Filter out all lines without the word "Picture" from the data below, please, and copy the rest.

Entries taken from a collection:
BEGIN
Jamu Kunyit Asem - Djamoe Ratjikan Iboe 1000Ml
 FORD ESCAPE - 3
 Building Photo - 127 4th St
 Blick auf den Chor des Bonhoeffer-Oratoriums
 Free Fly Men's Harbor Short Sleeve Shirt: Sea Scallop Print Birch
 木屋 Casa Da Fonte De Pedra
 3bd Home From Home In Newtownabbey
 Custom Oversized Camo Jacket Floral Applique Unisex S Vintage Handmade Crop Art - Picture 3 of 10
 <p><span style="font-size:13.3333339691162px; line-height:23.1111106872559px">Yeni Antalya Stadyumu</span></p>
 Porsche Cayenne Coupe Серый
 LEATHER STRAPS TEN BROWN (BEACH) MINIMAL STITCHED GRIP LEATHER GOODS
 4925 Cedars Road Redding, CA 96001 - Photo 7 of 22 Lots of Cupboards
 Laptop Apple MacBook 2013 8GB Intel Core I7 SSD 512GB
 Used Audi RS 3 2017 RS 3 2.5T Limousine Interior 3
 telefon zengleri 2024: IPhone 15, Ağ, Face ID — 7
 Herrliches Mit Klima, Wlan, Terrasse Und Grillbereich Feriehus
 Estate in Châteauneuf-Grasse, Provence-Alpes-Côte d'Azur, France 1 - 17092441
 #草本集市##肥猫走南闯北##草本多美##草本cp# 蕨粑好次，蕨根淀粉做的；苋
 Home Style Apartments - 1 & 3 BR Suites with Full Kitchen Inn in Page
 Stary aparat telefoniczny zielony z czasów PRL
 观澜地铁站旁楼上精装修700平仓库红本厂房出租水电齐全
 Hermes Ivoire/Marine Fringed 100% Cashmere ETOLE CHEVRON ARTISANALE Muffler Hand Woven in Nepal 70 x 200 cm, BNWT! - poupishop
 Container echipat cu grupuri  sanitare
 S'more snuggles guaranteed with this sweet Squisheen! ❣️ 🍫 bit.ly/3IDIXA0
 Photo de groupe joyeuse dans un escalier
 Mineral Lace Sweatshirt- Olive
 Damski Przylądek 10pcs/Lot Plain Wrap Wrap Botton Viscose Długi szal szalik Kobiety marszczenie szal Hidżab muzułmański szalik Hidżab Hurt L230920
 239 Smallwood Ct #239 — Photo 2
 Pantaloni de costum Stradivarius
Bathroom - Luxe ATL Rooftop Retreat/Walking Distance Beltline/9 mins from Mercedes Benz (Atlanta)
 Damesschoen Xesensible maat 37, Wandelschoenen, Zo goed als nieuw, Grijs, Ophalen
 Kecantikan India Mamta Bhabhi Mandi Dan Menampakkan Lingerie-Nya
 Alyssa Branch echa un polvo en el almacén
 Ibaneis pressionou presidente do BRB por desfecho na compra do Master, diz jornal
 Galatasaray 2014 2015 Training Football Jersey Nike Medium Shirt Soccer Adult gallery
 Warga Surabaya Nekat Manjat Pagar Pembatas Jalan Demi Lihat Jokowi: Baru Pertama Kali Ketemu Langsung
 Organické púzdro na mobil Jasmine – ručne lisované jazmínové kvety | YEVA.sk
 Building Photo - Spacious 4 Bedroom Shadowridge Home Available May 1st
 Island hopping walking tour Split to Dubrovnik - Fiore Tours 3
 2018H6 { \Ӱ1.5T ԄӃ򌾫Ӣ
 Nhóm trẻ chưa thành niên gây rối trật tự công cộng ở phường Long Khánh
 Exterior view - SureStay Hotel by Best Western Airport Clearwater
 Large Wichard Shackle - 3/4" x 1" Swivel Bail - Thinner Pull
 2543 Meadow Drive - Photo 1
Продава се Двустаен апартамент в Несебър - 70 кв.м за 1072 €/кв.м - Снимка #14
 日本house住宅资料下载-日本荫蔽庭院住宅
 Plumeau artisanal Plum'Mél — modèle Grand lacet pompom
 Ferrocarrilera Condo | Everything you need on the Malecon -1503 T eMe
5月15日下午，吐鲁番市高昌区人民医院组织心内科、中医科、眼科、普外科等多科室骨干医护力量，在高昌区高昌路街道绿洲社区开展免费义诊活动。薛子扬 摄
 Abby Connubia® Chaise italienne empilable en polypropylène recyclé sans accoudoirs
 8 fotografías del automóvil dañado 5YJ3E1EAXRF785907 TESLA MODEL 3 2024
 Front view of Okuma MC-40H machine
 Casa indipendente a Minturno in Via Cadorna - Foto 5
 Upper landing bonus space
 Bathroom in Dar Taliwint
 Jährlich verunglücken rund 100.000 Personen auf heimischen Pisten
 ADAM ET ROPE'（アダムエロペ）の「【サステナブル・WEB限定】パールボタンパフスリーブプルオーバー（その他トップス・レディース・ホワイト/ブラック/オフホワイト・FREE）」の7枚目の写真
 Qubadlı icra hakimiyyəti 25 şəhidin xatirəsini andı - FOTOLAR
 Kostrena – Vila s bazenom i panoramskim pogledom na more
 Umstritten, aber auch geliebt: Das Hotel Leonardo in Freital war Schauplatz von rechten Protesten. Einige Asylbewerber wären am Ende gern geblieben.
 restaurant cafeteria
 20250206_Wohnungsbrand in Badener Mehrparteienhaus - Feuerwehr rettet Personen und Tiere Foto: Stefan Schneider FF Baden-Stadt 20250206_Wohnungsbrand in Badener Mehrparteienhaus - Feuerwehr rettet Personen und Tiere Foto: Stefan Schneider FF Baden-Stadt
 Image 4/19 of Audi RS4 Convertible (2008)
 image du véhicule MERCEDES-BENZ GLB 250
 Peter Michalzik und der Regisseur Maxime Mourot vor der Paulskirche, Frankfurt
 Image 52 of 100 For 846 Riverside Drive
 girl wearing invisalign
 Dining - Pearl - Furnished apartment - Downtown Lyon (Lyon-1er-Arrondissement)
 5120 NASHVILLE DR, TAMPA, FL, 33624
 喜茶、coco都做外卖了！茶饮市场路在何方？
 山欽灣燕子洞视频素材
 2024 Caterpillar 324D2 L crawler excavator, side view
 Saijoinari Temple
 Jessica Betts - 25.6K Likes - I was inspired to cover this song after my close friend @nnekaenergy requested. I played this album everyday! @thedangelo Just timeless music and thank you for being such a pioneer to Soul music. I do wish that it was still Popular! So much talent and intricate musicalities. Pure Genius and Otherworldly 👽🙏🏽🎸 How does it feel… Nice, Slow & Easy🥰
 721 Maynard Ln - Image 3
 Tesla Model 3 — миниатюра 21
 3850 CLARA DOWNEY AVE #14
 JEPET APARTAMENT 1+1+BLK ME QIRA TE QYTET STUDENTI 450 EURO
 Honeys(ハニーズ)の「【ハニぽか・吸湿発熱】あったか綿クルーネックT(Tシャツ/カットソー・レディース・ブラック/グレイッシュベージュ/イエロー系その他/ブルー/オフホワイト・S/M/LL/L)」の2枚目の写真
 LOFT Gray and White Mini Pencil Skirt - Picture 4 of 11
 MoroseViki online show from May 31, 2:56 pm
END
→ Completed exercise
 Custom Oversized Camo Jacket Floral Applique Unisex S Vintage Handmade Crop Art - Picture 3 of 10
 LOFT Gray and White Mini Pencil Skirt - Picture 4 of 11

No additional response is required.